I decided to read Inkheart after I saw the good ratings on Amazon, but sadly I found it to be a disappointing waste of time. Inspired by books and libraries, the story is about 12-year-old Meggie who grew up without her mother. Her father Mortimer works as a bookbinder and has been searching desperately for years for a copy of the book 'Inkheart' which, unknown to Meggie, is the key to bringing her mother back. One day a mysterious fire eater Dustfinger shows up at their home and Meggie soon realizes that her family has the rare gift of being able to read things in and out of a book. It turns out that the gift is also a curse, for when her father read Inkheart many years ago characters came out of the book and sent someone in their place, and that was how Meggie lost her mother when she was still a baby. Meanwhile the evil villain Capricorn whom Mo released from Inkheart is determined to stay in this world and wants to destroy every copy of the book to make sure he does. With Dustfinger's help, Mo and Meggie must do everything they can to stop Capricorn and bring Meggie's mother back.
What I really liked about Inkheart is that it is a book-inspired story. Book lovers will enjoy reading about Mo's work as a bookbinder which include sawing and stitching books together and making trips to cozy bookshops. It was a treat to read about the mansion of Meggie's aunt Elinor in Italy which was beautifully lined with books along almost every wall, particularly the breathtaking library. The whole story is a tribute to books, reading, writers, and the written word.
With Inkheart, the phrase "The pen is mightier than the sword" literally comes to life. Funke really does make you think WHAT IF the characters written in a book could come to life, what would it be like? You can't help but find that that desire in you when you were still a child to actually meet your favorite characters and see those magical places is suddenly tapped. What if?

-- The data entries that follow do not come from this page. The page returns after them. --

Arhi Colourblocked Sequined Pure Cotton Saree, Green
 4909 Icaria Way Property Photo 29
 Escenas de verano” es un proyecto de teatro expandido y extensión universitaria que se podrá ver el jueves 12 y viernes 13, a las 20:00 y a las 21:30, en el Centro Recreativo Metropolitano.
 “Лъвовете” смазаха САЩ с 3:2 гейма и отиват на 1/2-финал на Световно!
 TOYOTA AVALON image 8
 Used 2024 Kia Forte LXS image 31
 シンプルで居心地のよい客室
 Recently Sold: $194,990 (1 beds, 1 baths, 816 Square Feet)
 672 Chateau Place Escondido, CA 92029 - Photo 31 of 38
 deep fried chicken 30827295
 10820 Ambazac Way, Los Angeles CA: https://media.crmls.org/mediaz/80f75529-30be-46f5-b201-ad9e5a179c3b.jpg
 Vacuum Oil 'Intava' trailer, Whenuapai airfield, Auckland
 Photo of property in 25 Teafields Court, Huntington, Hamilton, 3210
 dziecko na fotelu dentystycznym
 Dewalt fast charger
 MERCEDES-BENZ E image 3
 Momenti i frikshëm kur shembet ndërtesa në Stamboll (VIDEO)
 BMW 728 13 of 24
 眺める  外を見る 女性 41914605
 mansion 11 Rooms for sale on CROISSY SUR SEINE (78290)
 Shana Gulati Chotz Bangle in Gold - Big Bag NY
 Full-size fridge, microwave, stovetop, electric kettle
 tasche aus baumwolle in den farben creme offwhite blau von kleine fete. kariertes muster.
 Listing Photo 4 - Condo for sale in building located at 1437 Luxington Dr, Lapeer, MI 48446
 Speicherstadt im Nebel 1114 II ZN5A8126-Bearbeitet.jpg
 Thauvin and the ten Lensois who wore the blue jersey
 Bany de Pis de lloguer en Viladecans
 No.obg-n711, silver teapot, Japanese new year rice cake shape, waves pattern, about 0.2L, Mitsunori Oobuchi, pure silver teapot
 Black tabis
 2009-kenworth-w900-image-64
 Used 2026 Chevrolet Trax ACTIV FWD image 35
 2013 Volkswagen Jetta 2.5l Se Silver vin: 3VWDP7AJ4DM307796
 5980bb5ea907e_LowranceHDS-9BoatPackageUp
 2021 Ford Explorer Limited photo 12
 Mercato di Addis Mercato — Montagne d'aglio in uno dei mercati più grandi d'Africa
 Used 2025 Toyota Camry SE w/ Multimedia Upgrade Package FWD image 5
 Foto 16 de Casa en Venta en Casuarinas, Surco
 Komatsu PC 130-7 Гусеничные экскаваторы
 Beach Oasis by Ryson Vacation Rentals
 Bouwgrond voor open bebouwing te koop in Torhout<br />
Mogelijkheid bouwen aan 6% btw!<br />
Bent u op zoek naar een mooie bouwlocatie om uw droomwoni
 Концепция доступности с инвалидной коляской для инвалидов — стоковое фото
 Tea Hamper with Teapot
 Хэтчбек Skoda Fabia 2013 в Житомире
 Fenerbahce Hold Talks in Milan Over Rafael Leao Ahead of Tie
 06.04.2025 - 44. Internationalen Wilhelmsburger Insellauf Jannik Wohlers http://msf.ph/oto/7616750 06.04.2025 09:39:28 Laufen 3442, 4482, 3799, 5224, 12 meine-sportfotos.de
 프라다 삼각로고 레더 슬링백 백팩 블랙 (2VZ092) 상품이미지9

Characters. As a father and husband, Mo's role in the book was inspiring in that he would do everything he can to protect Meggie and get his wife back. Though at times he could be unreasonable, such as when he wouldn't tell Meggie the truth about how she lost her mother, he would eventually redeem himself. Aside from Harper Lee's To Kill a Mockingbird, few children's books actually give the father a central role in the story. Meggie, on the other hand, doesn't seem to think and act like a 12-year-old. Elinor's book-obsessed and practical no non-sense personality was one of the characters which I thought was well built. I also believe that Funke meant the villains to be truly evil as described several times in the book. But when you actually meet them and you think they were about to do something truly evil they would suddenly fall short, much to my disappointment.
Plot. The story is somewhat vague as to where the story actually takes place, but when Mo and Meggie visit Elinor it does mention that her house is in Italy. Once the story starts, the plot takes a lot of long and winding circular twists and turns instead of being a strong linear one that slowly builds to a climax. Events seem to happen back and forth (i.e. the characters are captured, then they escape, then captured again, then escape) without the story really progressing and doesn't give you the feel that the story is building up to a climax.
All in all, Inkheart can be a treat if you love reading about books, libraries, and adventure but requires your patience to be able to read through the long circular plot of this almost 600-page book. 3.5 stars.